*** MATERIAL TO PROCESS Section Begins ***

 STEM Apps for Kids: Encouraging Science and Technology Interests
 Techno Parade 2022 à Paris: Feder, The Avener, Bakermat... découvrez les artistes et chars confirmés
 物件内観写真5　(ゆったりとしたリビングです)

*** MATERIAL TO PROCESS Section Ends ***
*** MATERIAL TO PROCESS Section Begins ***

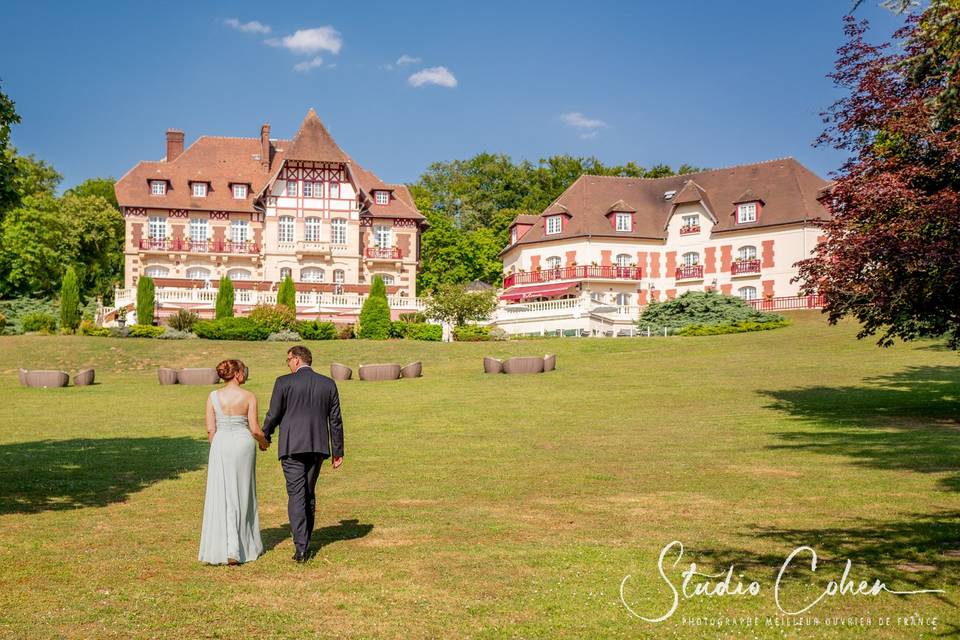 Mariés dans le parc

*** MATERIAL TO PROCESS Section Ends ***
*** MATERIAL TO PROCESS Section Begins ***

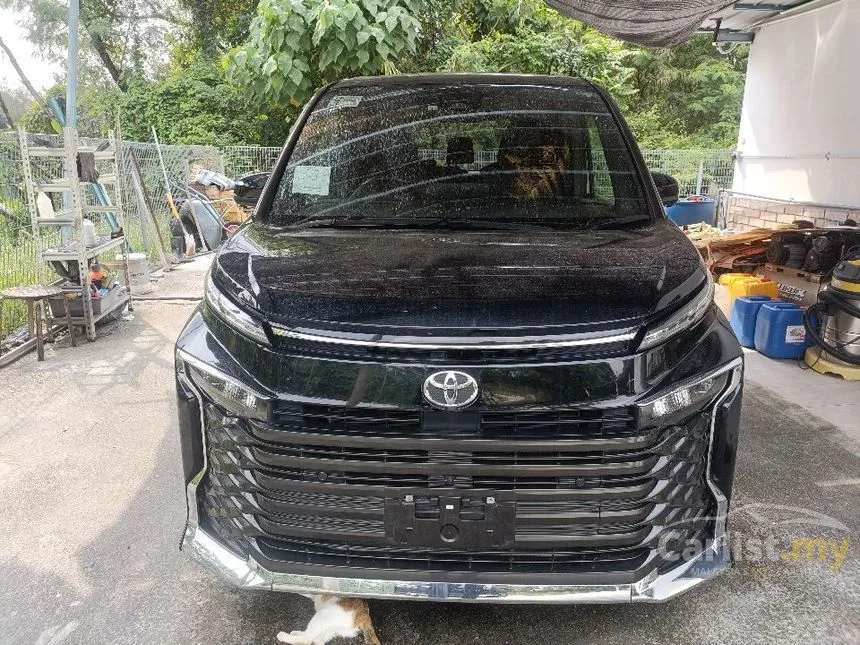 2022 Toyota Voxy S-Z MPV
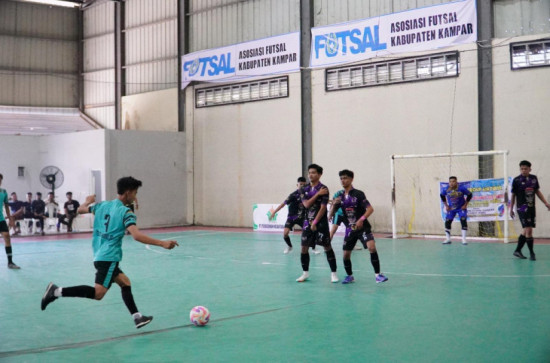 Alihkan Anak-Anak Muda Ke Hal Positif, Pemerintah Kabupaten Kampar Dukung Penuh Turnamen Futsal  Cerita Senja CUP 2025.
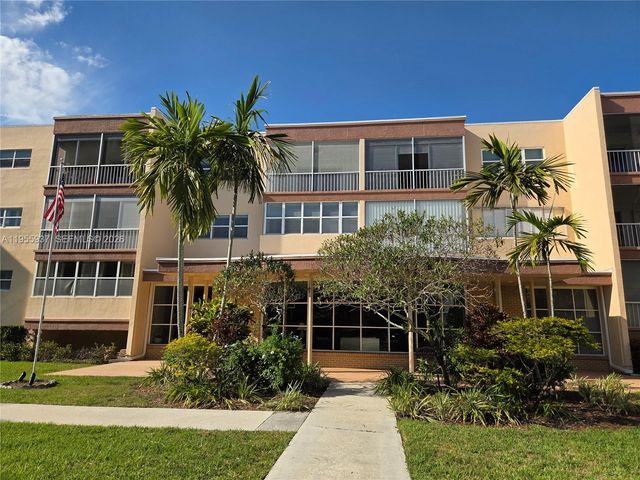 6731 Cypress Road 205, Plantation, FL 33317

*** MATERIAL TO PROCESS Section Ends ***

▶ [YOUR ASSIGNMENT] Reproduce the lines of the entries above from the one with "STEM Apps for" to the one with "物件内観写真5　(ゆったりとしたリビングです)", both included, exactly and without any other line.

▶ [SOLUTION]
 STEM Apps for Kids: Encouraging Science and Technology Interests
 Techno Parade 2022 à Paris: Feder, The Avener, Bakermat... découvrez les artistes et chars confirmés
 物件内観写真5　(ゆったりとしたリビングです)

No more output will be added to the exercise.